On January 16, 2019, Associate Professor Kingkarn Thepkanjana, Dean of the Faculty of Arts, presided over the presentation ceremony for the 2018 Khyentse Foundation Award. Representing the Faculty of Arts together with the Dean were Associate Professor Suradech Chotiudompant, Assistant Professor Nirada Chitrakara, and Assistant Professor Arthid Sheravanichkul.
This year the award was granted to a graduate student from the Faculty of Arts: Nattawut Sangpun, a Ph.D. student from the Department of Thai, Mr. Sangpun’s dissertation is on a topic related to Buddhist study. He is studying the story of Subin Kumar in Southeast Asian literature. The story is about the merit of ordination. It reflects a Buddhist belief that parents gain merit when their son is ordained as a monk. Among the guests present in the ceremony were Professor Bhadra Rujirathat (Peter Skilling), a Khyentse Foundation Fellow, and Dr. Trent Walker, a scholar in Buddhist study from University of California at Berkeley, who is doing his post-doctoral study as a Khyentse exchange scholar in Thailand. His study is the co-occurrences of ethnic languages with Pali in the Buddhist Bible in Thailand and Cambodia. Dr. Walker is focusing on a phenomenon called linguistic epiphyte referring to a context where one language grows on another with the host language unaffected. Dr. Walker is expecting to give a lecture at the Faculty of Arts in August this year.

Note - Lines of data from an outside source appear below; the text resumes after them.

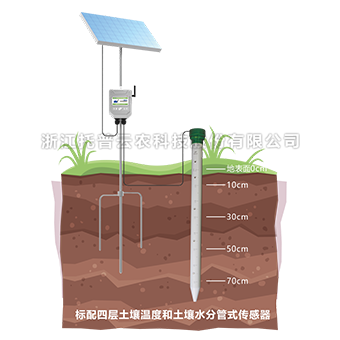 茄子视频色板APP管式剖麵水分儀TPGSQ-4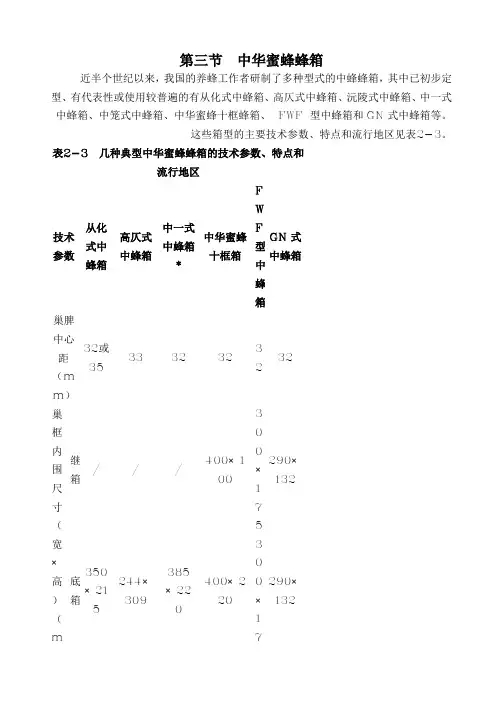 中华蜜蜂蜂箱--含详细尺寸及图片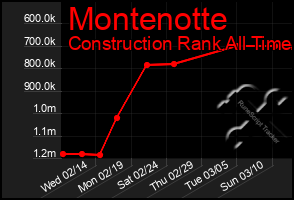 Total Graph of Montenotte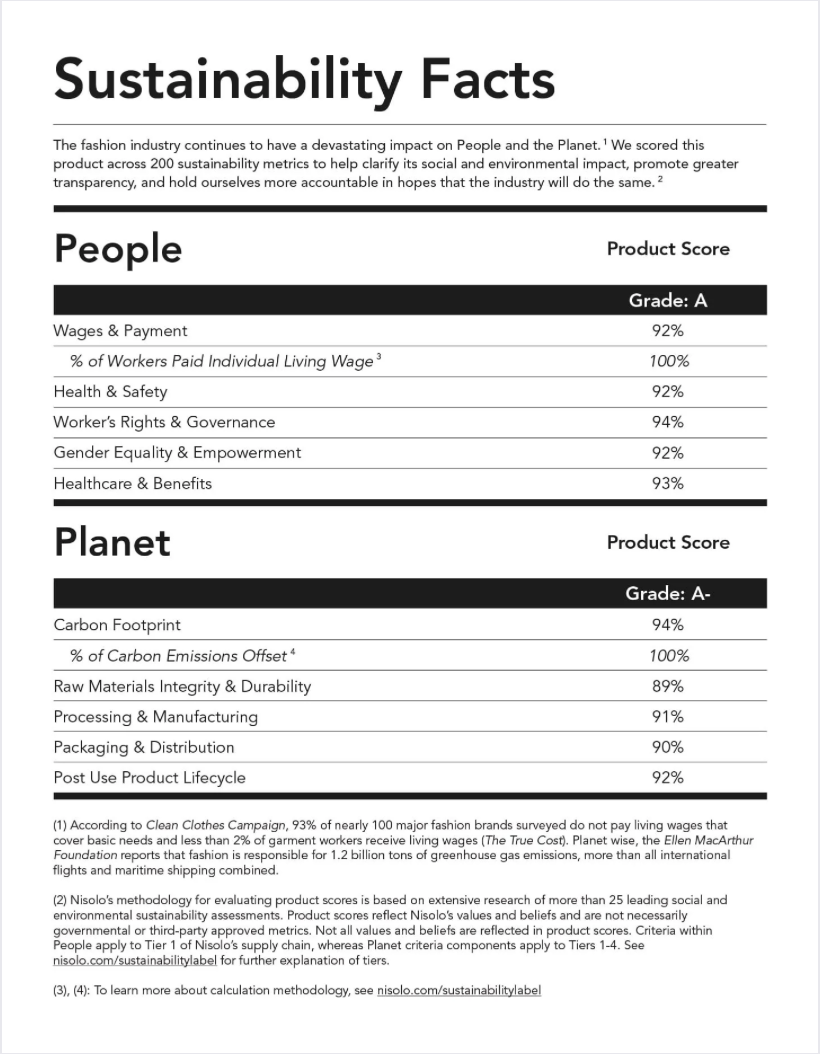 a detailed sustainability scorecard detailing the impact of a product across the planet and people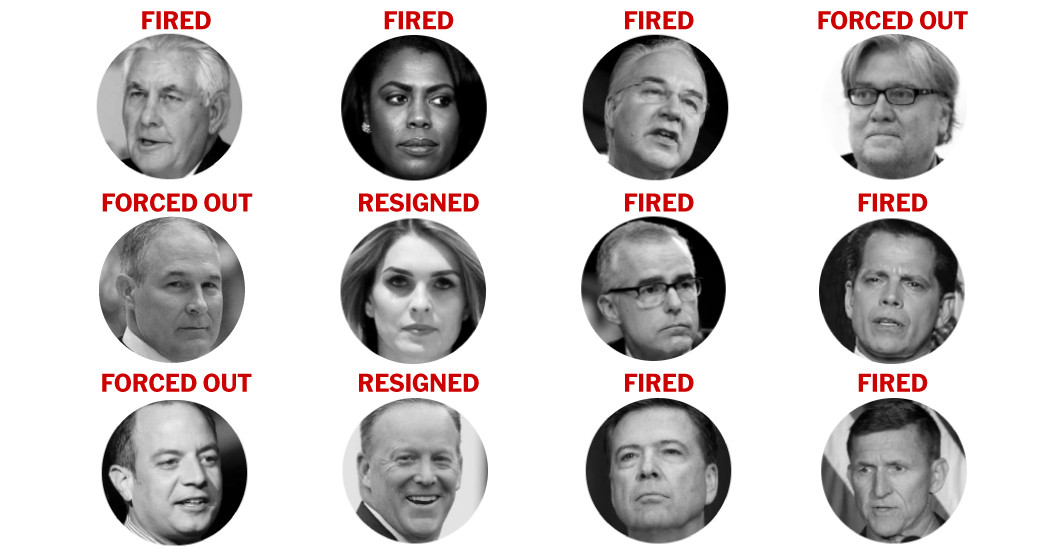 Best ideas about Trump Cabinet Resignations
. Save or Pin The Turnover at the Top of the Trump Administration Is Now.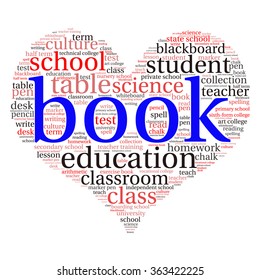 education tag word cloud background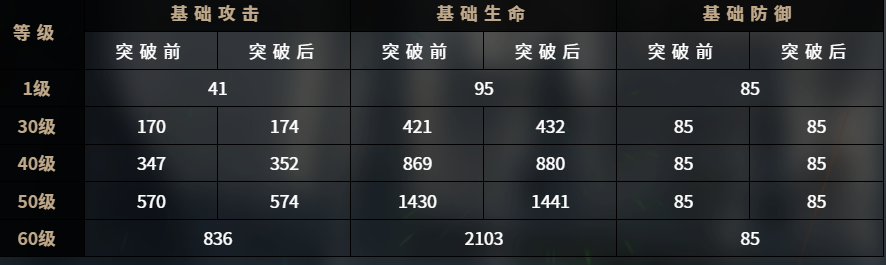 你了解千年之旅中的艾琳娜吗？探索她的技能与策略！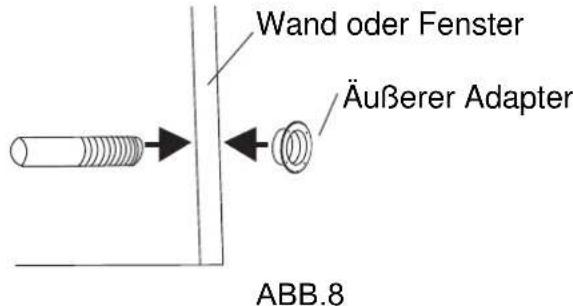 Wand oder Fenster Äußerer Adapter ABB.8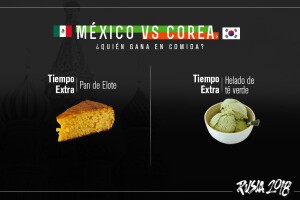 Tiempo extra, México vs Corea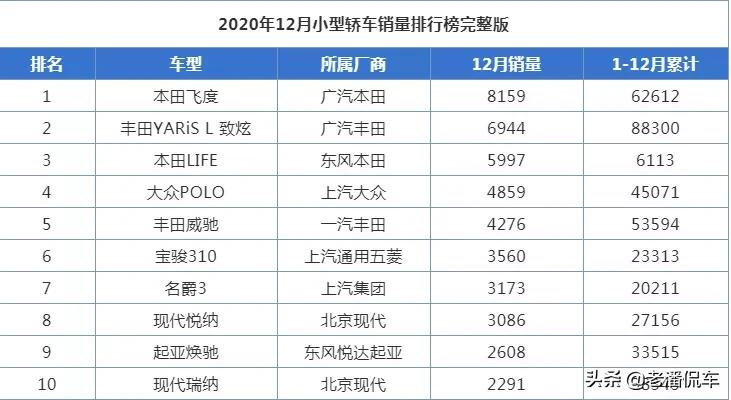 2021年1月份小型轿车销量排行榜，长安悦翔反超飞度甩一条街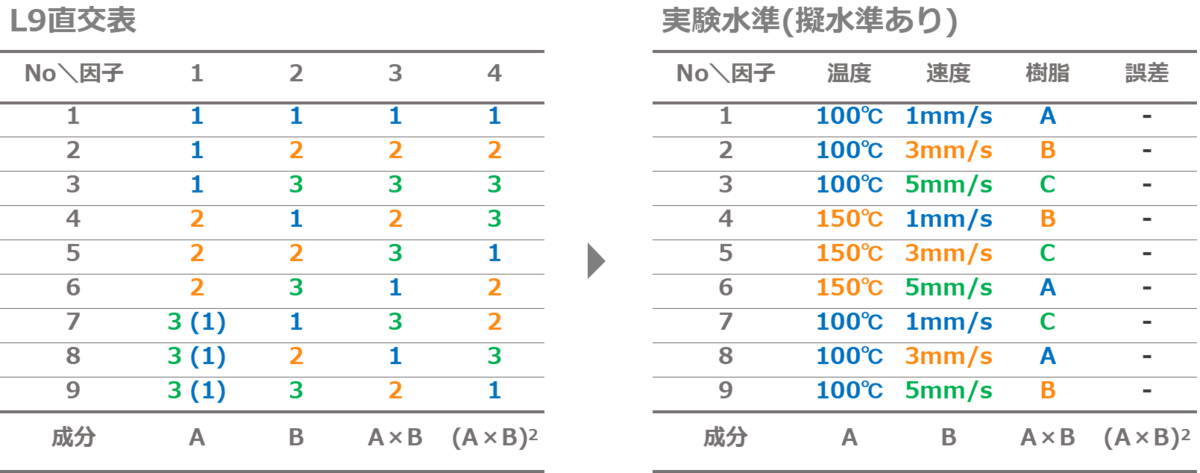 f:id:Chemstat:20220319010717p:plain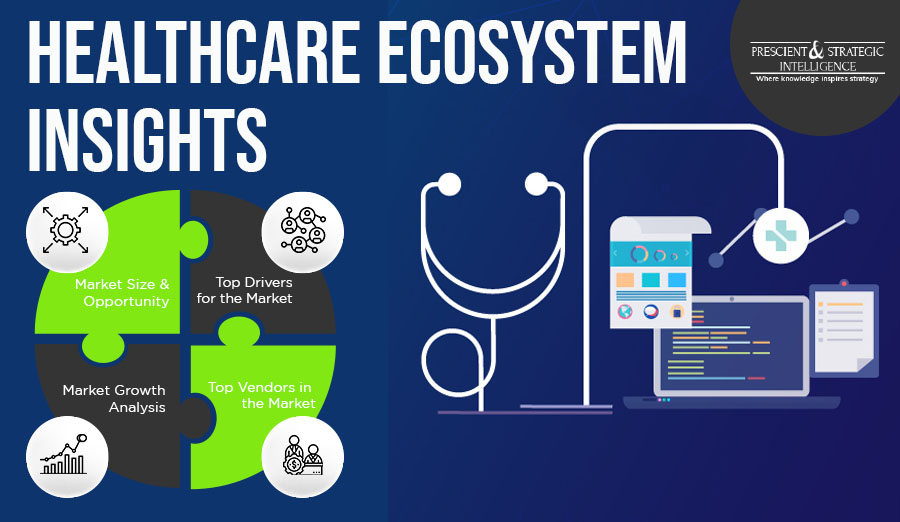 Ecosystem of Healthcare Industry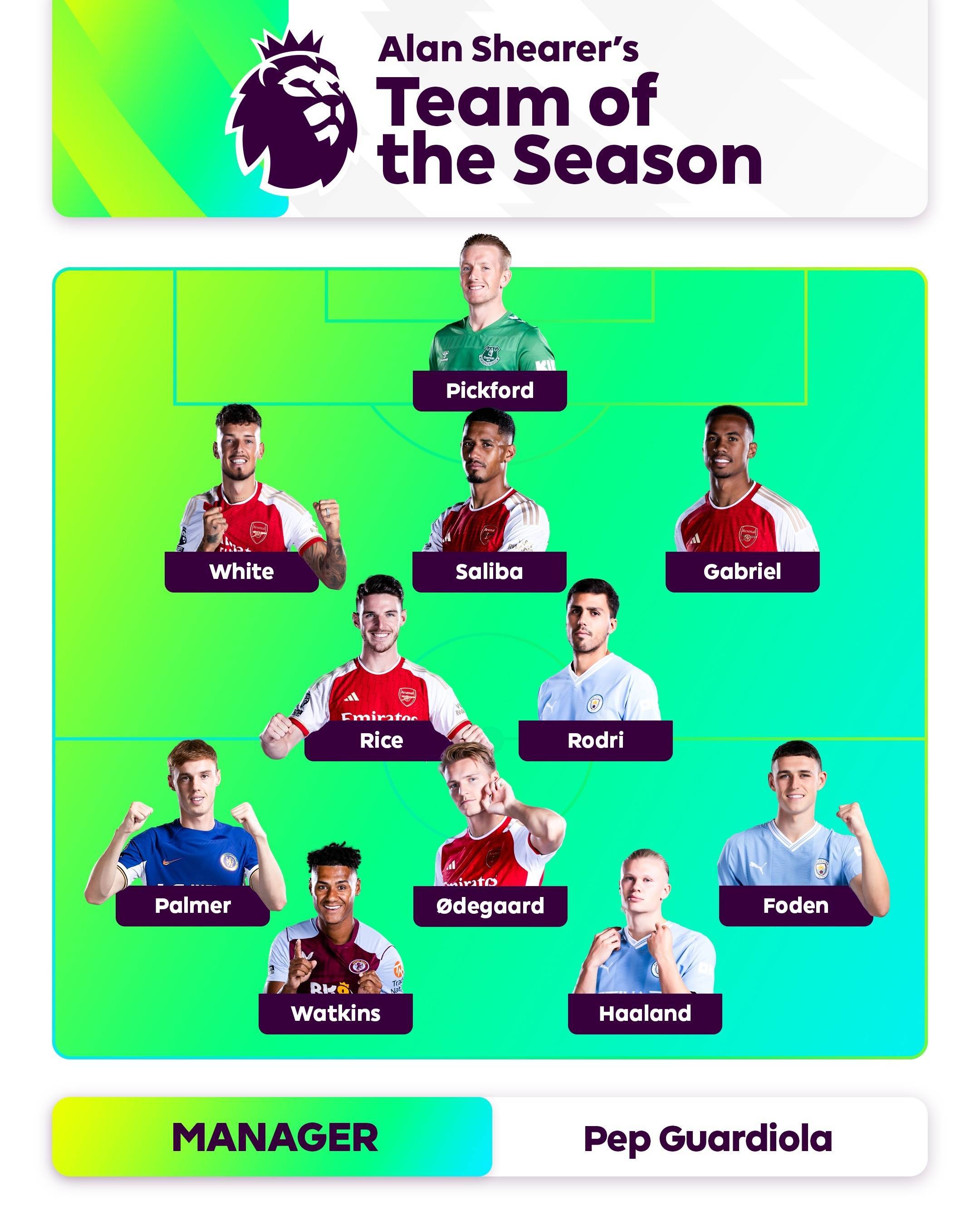 最后两分钟 最后两分钟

The Khyentse Foundation Award is given annually to an undergraduate or graduate student, selected by the Faculty, for recognition of distinction and hard work in the field of Buddhist studies. Founded in 2001 by Dzongsar Khyentse Rinpoche, the Khyentse Foundation is a non-profit organization whose key aim is to support and enhance Buddhist studies worldwide.